Татьяна Олеговна Лебедева, к.ф.н., преподаватель, Московский государственный университет им. М.В. Ломоносова
А.В. Голубцова (Москва)
Библейский потоп в загробном мире: модели восприятия послереволюционной России в травелогах итальянских писателей 1920–1930-х гг.
Нами проанализированы модели, определяющие восприятие Октябрьской революции и послереволюционной России в травелогах итальянских писателей, посещавших СССР в 1920-х–1930-х гг. При осмыслении чуждых реалий все рассматриваемые авторы обращаются к образу Всемирного потопа, изображая революцию как глобальный катаклизм, уничтожающий старый мир. Однако эта метафора, при всей своей катастрофичности все же подразумевающая возможность возрождения, парадоксальным образом накладывается на мифологизированное представление о России как о потустороннем пространстве, загробном мире. Здесь парадигматическим текстом, задающим идеальную модель путешествия в иной мир, служит «Божественная комедия» Данте. Религиозная образность, пронизывающая тексты травелогов 1920–1930-х гг., наделяет исторические события и реалии высшим сакральным смыслом, а библейский интертекст функционирует как общий культурный код, используемый итальянскими авторами при освоении чуждой действительности.

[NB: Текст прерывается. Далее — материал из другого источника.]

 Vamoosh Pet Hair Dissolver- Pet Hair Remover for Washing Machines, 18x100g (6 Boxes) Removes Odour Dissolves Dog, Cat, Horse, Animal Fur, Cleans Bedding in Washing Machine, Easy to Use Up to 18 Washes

Анастасия Викторовна Голубцова, к.ф.н., с.н.с., Институт мировой литературы им. А.М. Горького РАН
А.А. Балашова (Санкт-Петербург)
«Ты мёду музыки лизнул, но весь ты в тине, всё тот же грязи ты комок и смерти косточка в тебе посередине»: смерть в поэзии Елены Шварц 1970–1980-х гг.
В поэзии Елена Шварц интегрирует в структуры метафор представления о смерти, воскресении и перерождении, заимствованные из мировых религиозных систем, а также мифологемы и архетипы смерти, упоминания похоронных обрядов из русской, европейской, японской традиций, образы и атрибуты смерти из мифологий и литератур разных эпох и культур. Разнообразие оттенков смысла, создаваемое этими отсылками, позволяет поэту использовать тему смерти в качестве универсального подхода как к проблематике, сопряженной с мортальностью (смертность человека, неизбежность старения, неумолимость времени и краткость жизни человека по сравнению с вечностью Вселенной, предчувствие смерти), так и отвлеченной (природа человека и самосознание, человеческая жестокость, самопожертвование, творчество и вдохновение). В докладе рассматриваются поэтические задачи, решаемые автором, трансформирующим танатальные символы, сюжеты и образы мировой культуры, а также осмысление автором эволюции изображения смерти в русской и мировой поэзии.
Антонина Александровна Балашова, аспирант, Санкт-Петербургский государственный университет
Е.М. Захарова (Москва)
«Исследователь сложных явлений жизни»:
И.Б. Роднянская о художественной философии В. Маканина
Исследование выполнено при финансовой поддержке РНФ в рамках научного проекта №17-18-01432-П
В 1989 г. литературный критик Ирина Бенционовна Роднянская (р. в 1935 г.) впервые выступила в жанре книги литературно-критических статей. Разнородные статьи, посвященные творчеству А. Вампилова, А. Битова, О. Чухонцева, А. Кушнера и других писателей объединяются в структурно-семантическое единство не только благодаря образу автора, но и общности семантических полей. Одним из мотивов, движущих сюжет книги, является вопрос о способе существования человека: образ бытия, любовь, война, память, смерть. С точки зрения литературного критика, наиболее точные ответы в литературе 70–80-х гг. XX в. дает проза Маканина: «Пишет он не метафизическую формулу, а человека, меняющегося от поколения к поколению в текучем социальном субстрате». На материале работ «Незнакомые знакомцы: К спорам о героях В. Маканина» и «Сюжеты тревоги: Маканин под знаком “новой жестокости”» делается вывод о том, какие идейные комплексы, по мнению Роднянской, формируют художественную философию писателя.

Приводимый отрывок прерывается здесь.